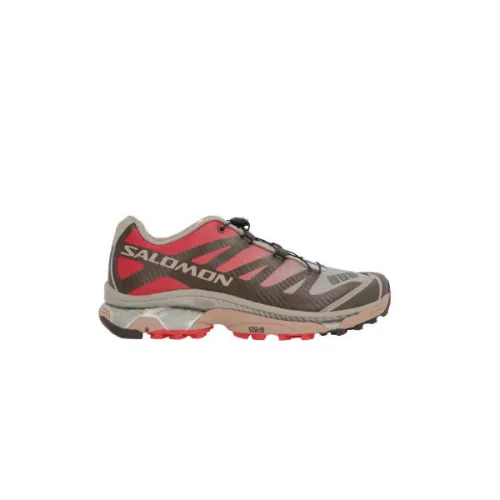 Salomon , S/Lab Mesh Sneakers in Grey and Red ,Multicolor male, Sizes:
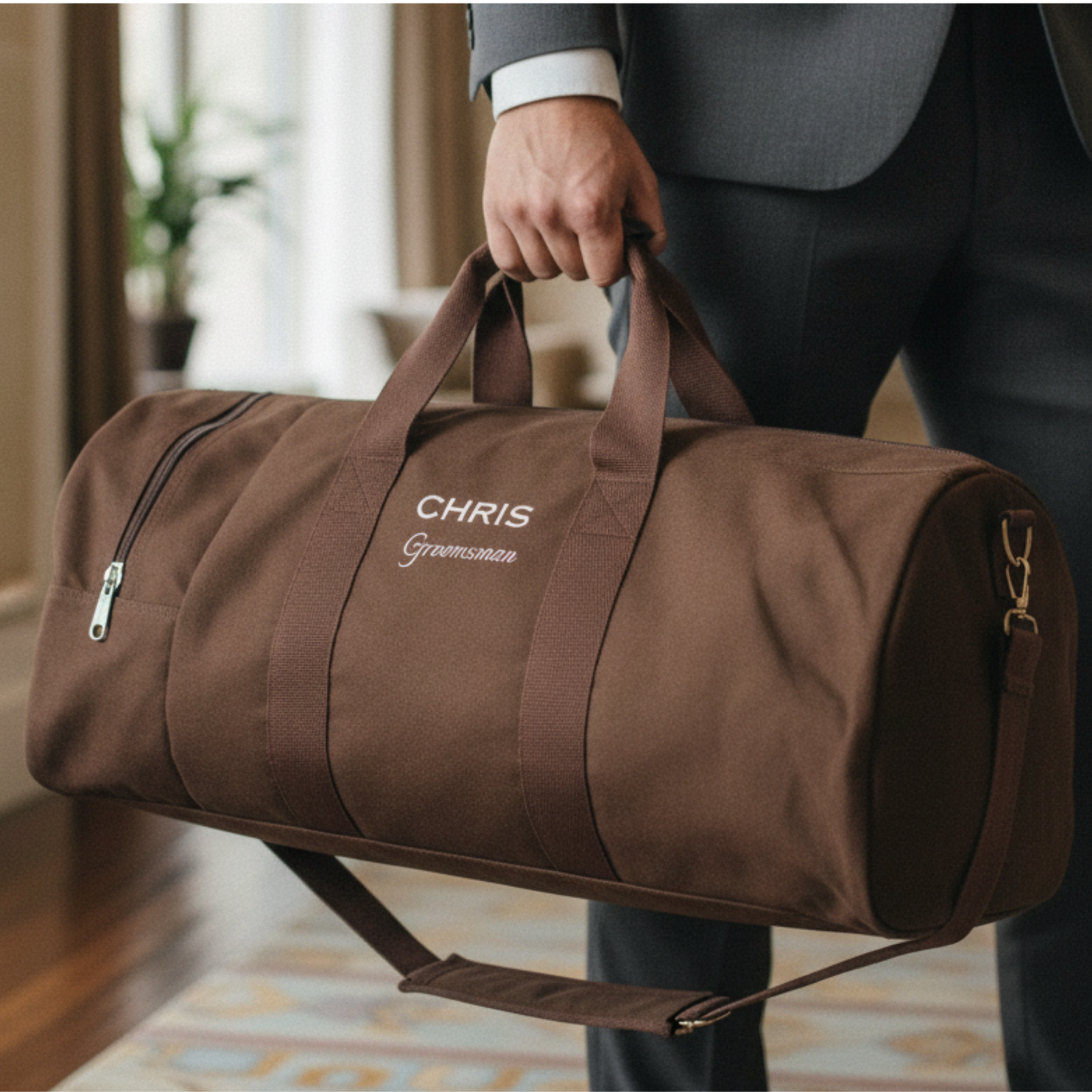 Canvas Groomsman's Getaway Bag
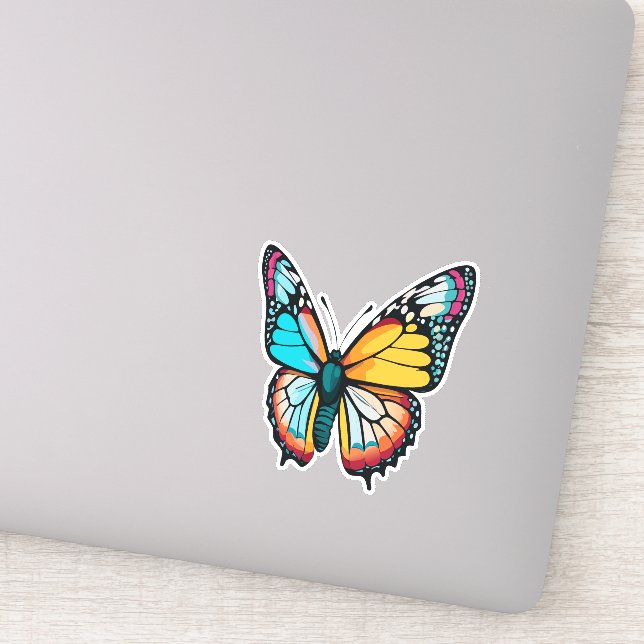 Beautiful Multicolored Butterfly (Detail)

---

• _Task directions_
From the line with "Canvas Groomsman's Getaway Bag" through the end of the listing, write out every line exactly, leaving out the pictures.

• _Worked solution_
 Canvas Groomsman's Getaway Bag
 Beautiful Multicolored Butterfly (Detail)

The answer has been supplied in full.